Eche cheito dame chamba chimbita

que Chepe me chimbea la chinita

o dame chicha con chocorramo pa que me de churria checha

o dame chicha con chocorramo y salchicha  pa cachar la fecha.

 

A Chucho le enchocha chatica chueca que checa el Chilam Balam

y chupa changua de chácara en Ramadán.

 

La noche chatarrera rechaza guacherna:

chango, chango, changó.

La chiva chirrea champeta y chifla:

chuco que chuco que chuco

chan-chán.

 

Ay chévere que charlo no churrigueresco,

chabacano a pecho soy sanchopancesco,

como chistoso Pacheco el choncho

con chompa, chaleco y poncho

chapoteando charco chiquinquireño

y escuchando sacabuche charaleño.

Lucho me chirrea la chola,

sin chepacorina chico chipriota chilla en la chibola.

 

Borrachera con chela chiquita pal chubasco,

chapetos chocamos con chancla el churrasco.

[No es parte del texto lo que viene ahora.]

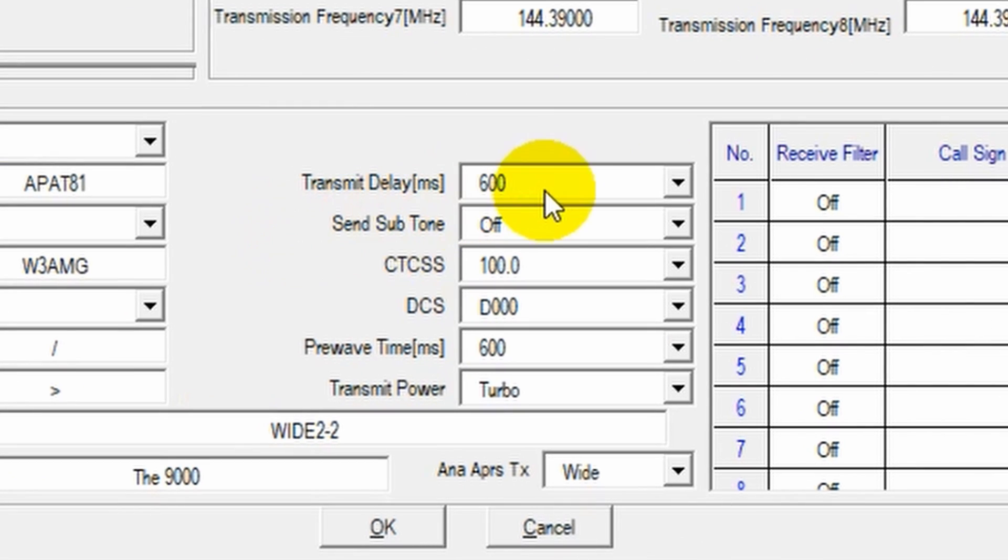Moving on — the Transmit Delay. Here are some recommended numbers: set that at 600. Leave your Subtone off. Your DCS — you can do D000. Pre-wave time — 600. Transmit power — most likely Turbo, depending on your application. You should pretty much be set there. Those are some baselines to work with; you can tweak these depending on your location and what you want to do.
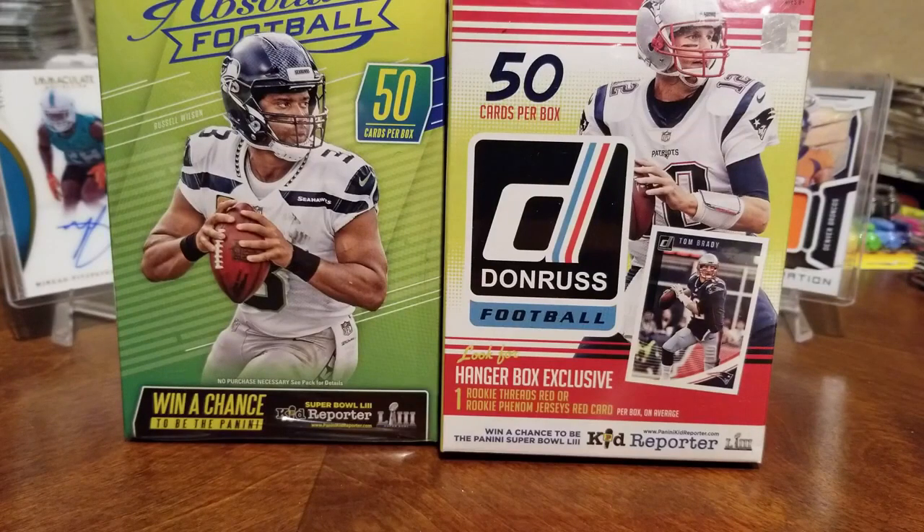Everyone, it is Kate and Rob with RSR Cards and Collectibles, once again with another video. We're just pumping them out tonight — we already did the David Thompson video, we broke open the last bit of the 1990 Fleer wax packs, didn't find Griffey Junior's second year card, but that's okay.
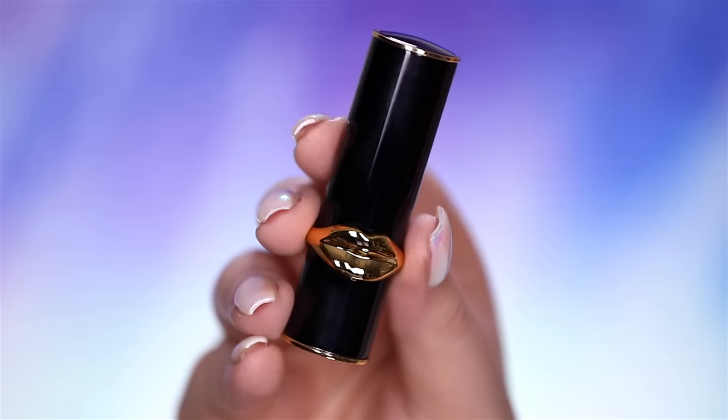Hey guys, it's me — foundation lips tutorials — and I am back with a new video. I am not wearing anything on my lips except for foundation today, but for a very good reason: today I'll be showing you the brand spanking new Pat McGrath Matte Trans lipsticks. This one is really special to me because Pat McGrath is my idol. If you don't know who she is, she invented pretty much all the trends, has done all the magazine covers, and is the creative director behind the looks at the big fashion shows. She is the mother of makeup.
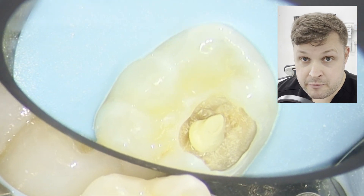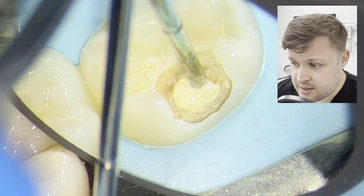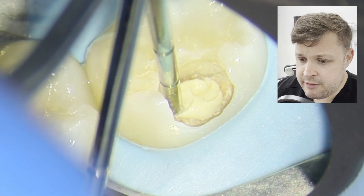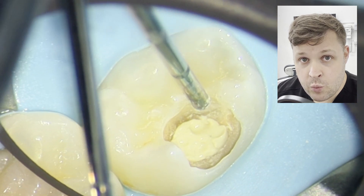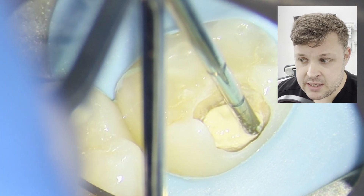I'm now using a bioceramic liner — specifically Biodentin. The thing about Biodentin is it's really nice for the pulp and it also creates a fantastic chemical bond with the dentine itself. It's a great lining material and is less likely to leak than a normal restoration alone.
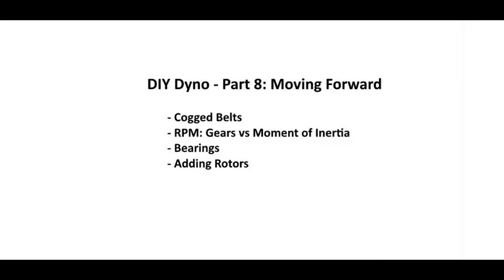Hello, this is Eugene Blanchard. This is the do-it-yourself dyno project, part eight, titled 'Moving Forward.'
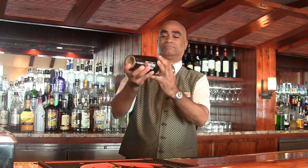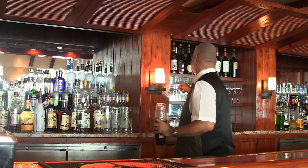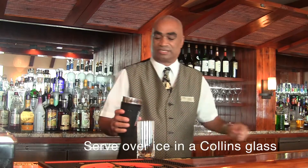Give it a nice shake. Then fill it up with a nice Collins glass.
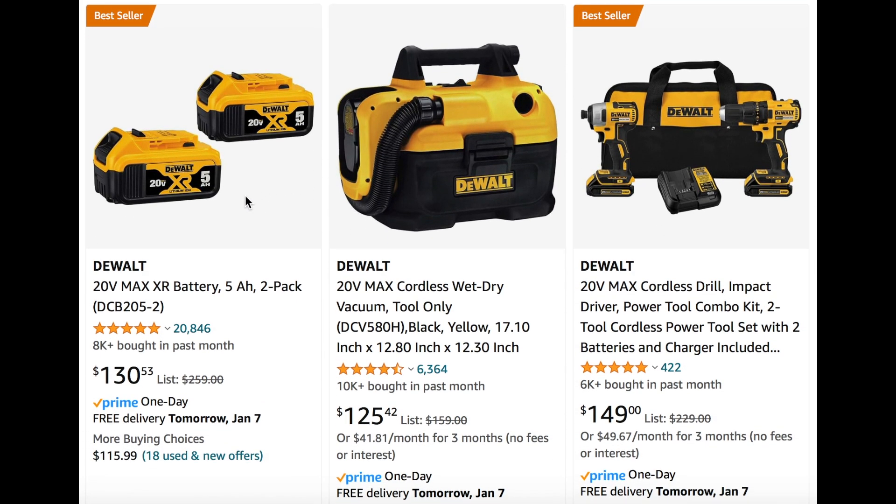Keeping on going with a few more DeWalt items. We see these 20-volt max batteries for $130 — that's a pretty good price. They were marked down for Black Friday, it might have been a little bit cheaper than that, but still a good time for these.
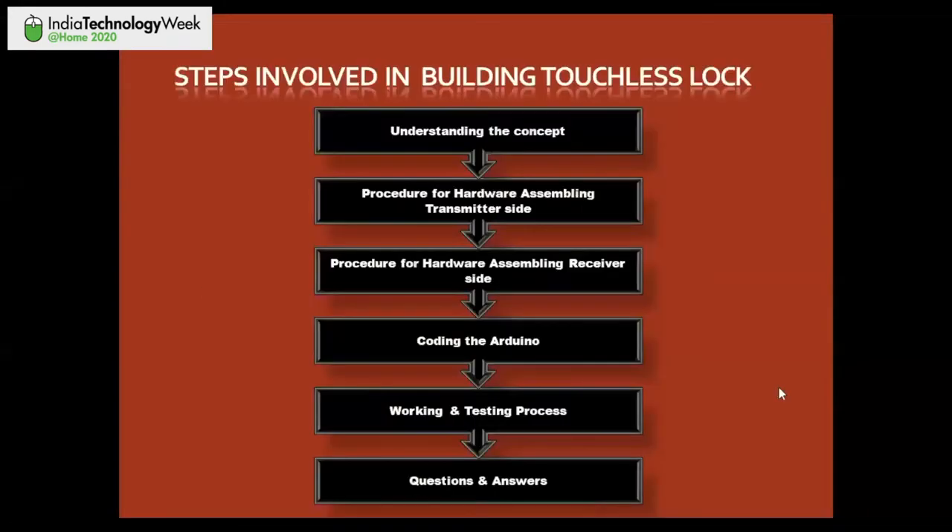Here are the steps involved in building the touchless lock: first, understanding the concept; then the procedure for hardware assembling on the transmitter side; then assembling the receiver side; after that, coding the Arduino UNO board using the Arduino IDE. For those unfamiliar with Arduino, I'll cover basic steps for writing, debugging, compiling, verifying, and uploading code. Finally, we'll test the board and hold a Q&A session.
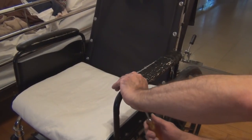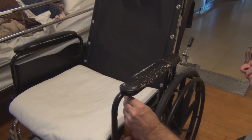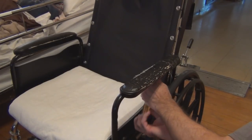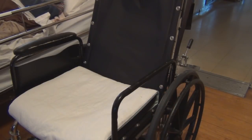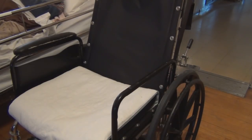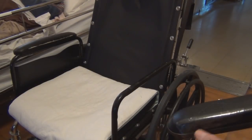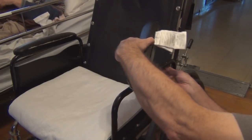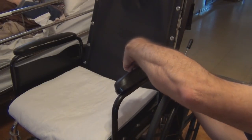Now the armrests — they just have two Phillips head screws here. Remove those, and then these are the replacements. They come with screws and those labels you're not supposed to remove under penalty of — blah, whatever they say. They have multiple holes for whatever spacing you're able to accommodate on these.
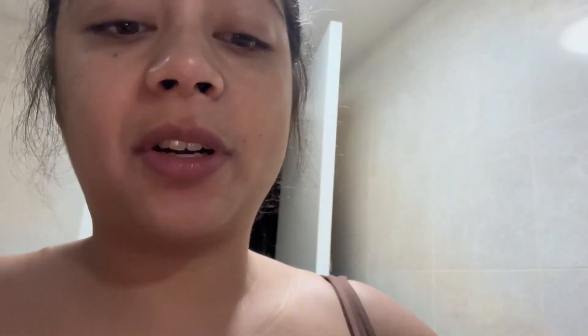So yeah, I really hope this helps. I've tried all three of the HiSmile main products. I started with this. I tried this one earlier today — it was all right. And then I wanted to try this one. I think this one is the most successful out of all three. This probably comes second, and this comes third.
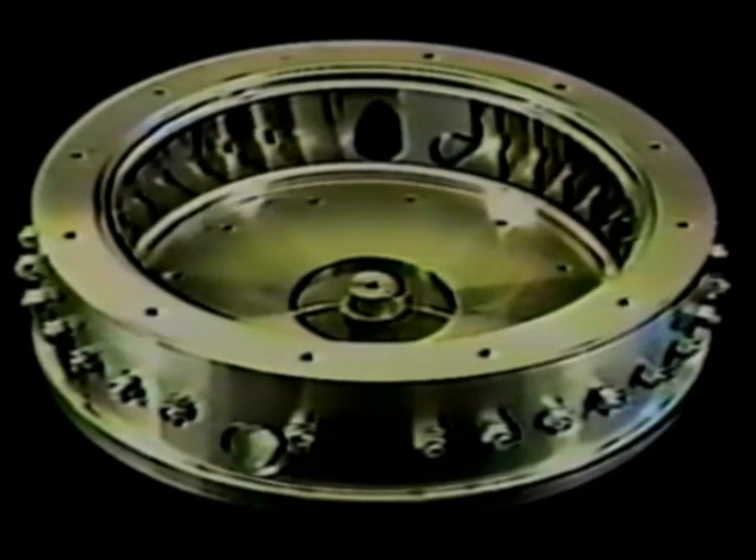This is the housing for the fluid drive transmission. The fluid stays on the inside of this area and balances the engine. Again, the inside of the turbine housing.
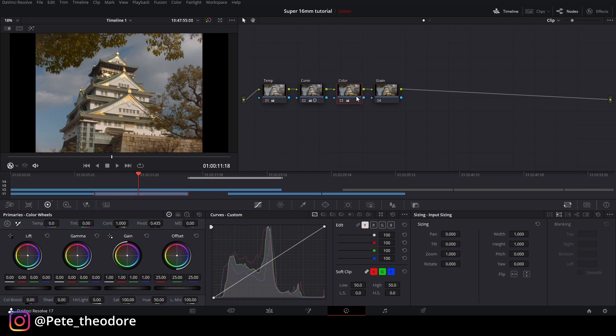Next kita rubah lift-nya atau shadow-nya ke warna biru. Gamma gue naikin ke area-area sini. Gain lagi-lagi ke arah antara hijau dan kuning, karena ini siang hari. Tapi menurut gue terlalu kuning semuanya, jadi offset gue rubah dikit. Kita ganti di curves aja.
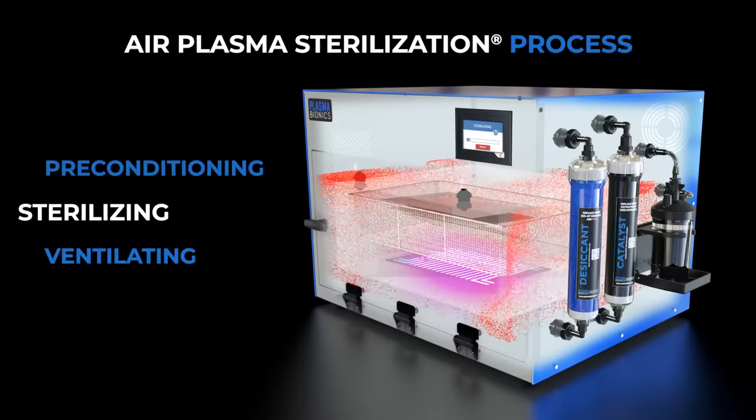During the sterilizing step, the preconditioned air is converted by plasma into sterilant gases that rapidly kill microorganisms on instrument surfaces.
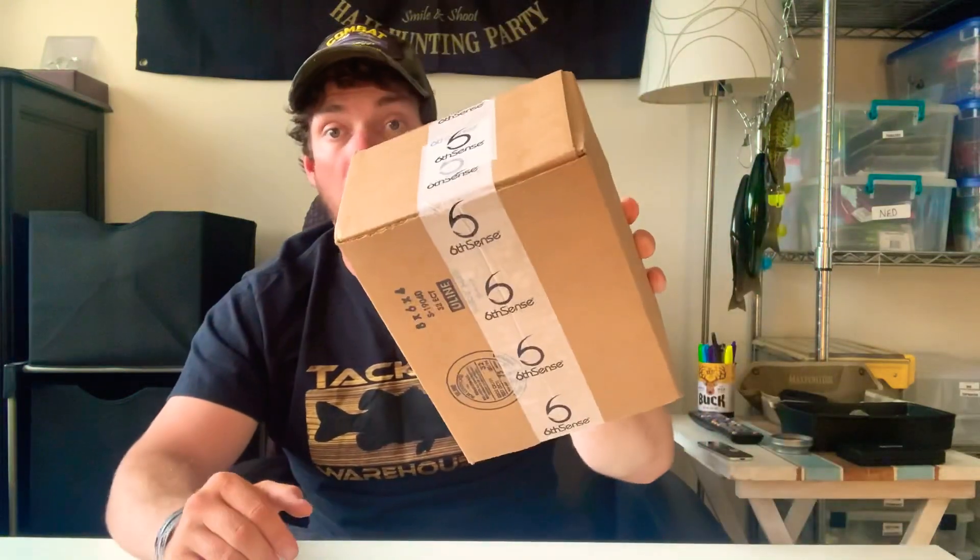What they have you do is fill out a survey of the type of water you fish. First question is what products do you prefer — I put fishing tackle gear apparel. Water depth, I put all depths. What type of fishing: boat. Where do you fish: lakes. And then water color: clear to slightly muddy. Based on that they sent me this box.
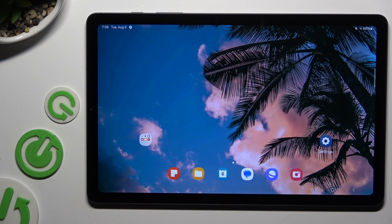In front of me is Samsung Galaxy Tab S6 Lite, and today I would like to show you how you can use split screen view.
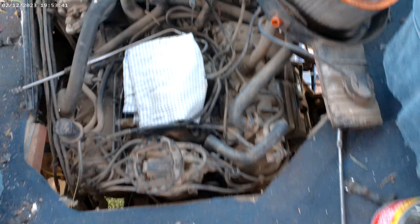Okie dokie folks, that's the grand old tour of rat turd heaven. When they get in there they will tear you up. We've got a little bit of rat damage here and there.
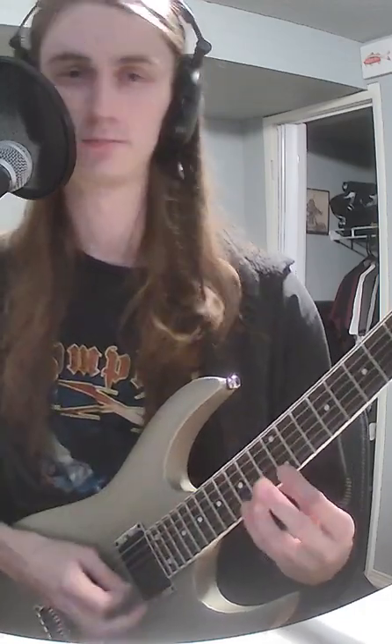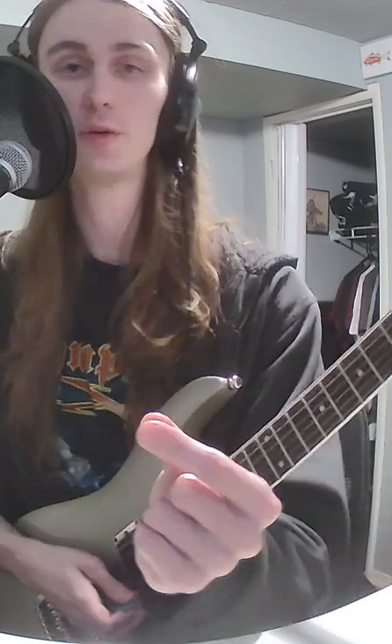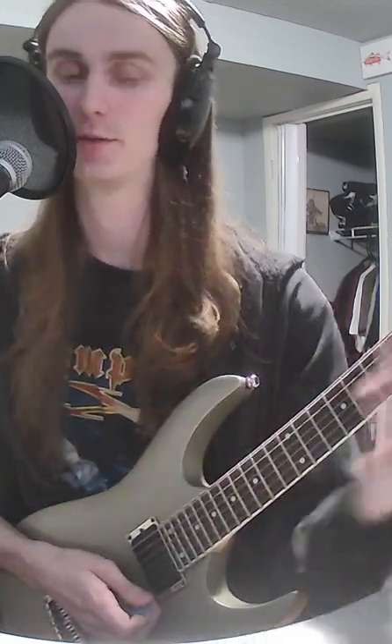Hey, so you might have heard this sort of sound before. I'm going to show you how we do it. So it's a sort of neoclassical pattern where we're basically using the highest note as a pedal note, meaning a note we just go back and forth between two as we switch to other notes.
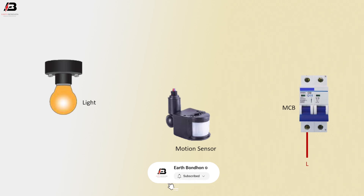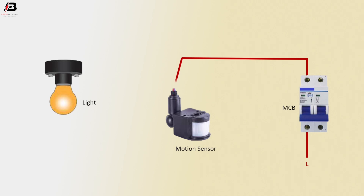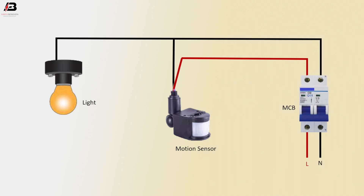Phase connection input to the double pole MCB circuit breaker. Phase connection outgoing from MCB to connect the motion sensor. Neutral connection input to MCB circuit breaker. Neutral connection outgoing from MCB to connect light and motion sensor. Sensor connection output from motion sensor to connect the light.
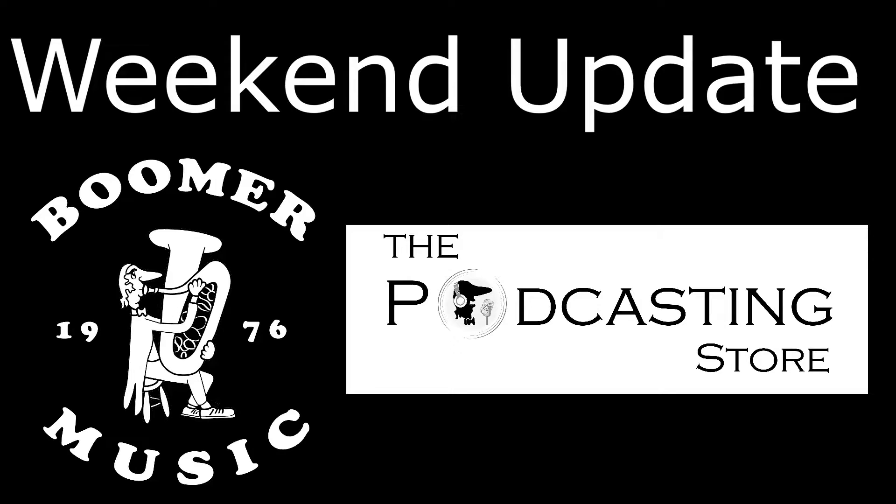This is Drew with Boomer Music Company, your band and orchestra experts since 1976, and the podcastingstore.com, the one-stop shop for all things podcasting and remote learning. This is your Weekend Update.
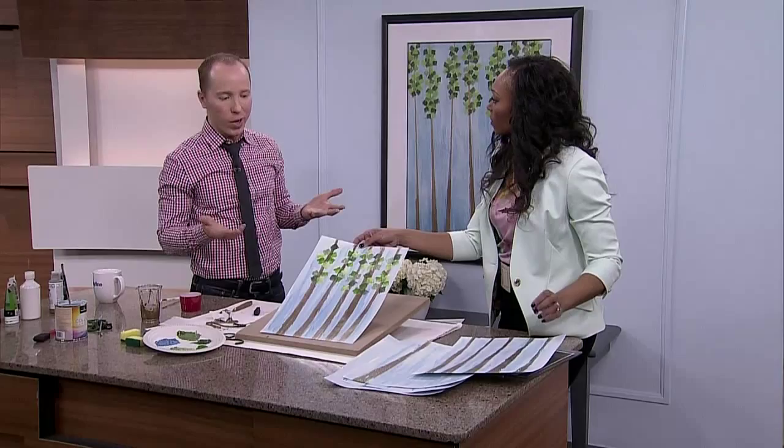Great job. Go to our website cityline.ca for instructions on Antonio's project.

Chito que chito o mi chata chúcara chispea el charrasco.

¡Y qué chasco!

 

Machuco chorrito de mecha

hecho que Chamorro lechona no me echa,

chimpancé chanza con chaira

la chamorra machaca chamorro en Pachaina,

oye muchacho chungo mechudo

choca al checheno pechudo.

 

Chao que chichi chorlito me da chutar chocha,

chucha chuiquita con chuzo picha trocha.

xxxiv.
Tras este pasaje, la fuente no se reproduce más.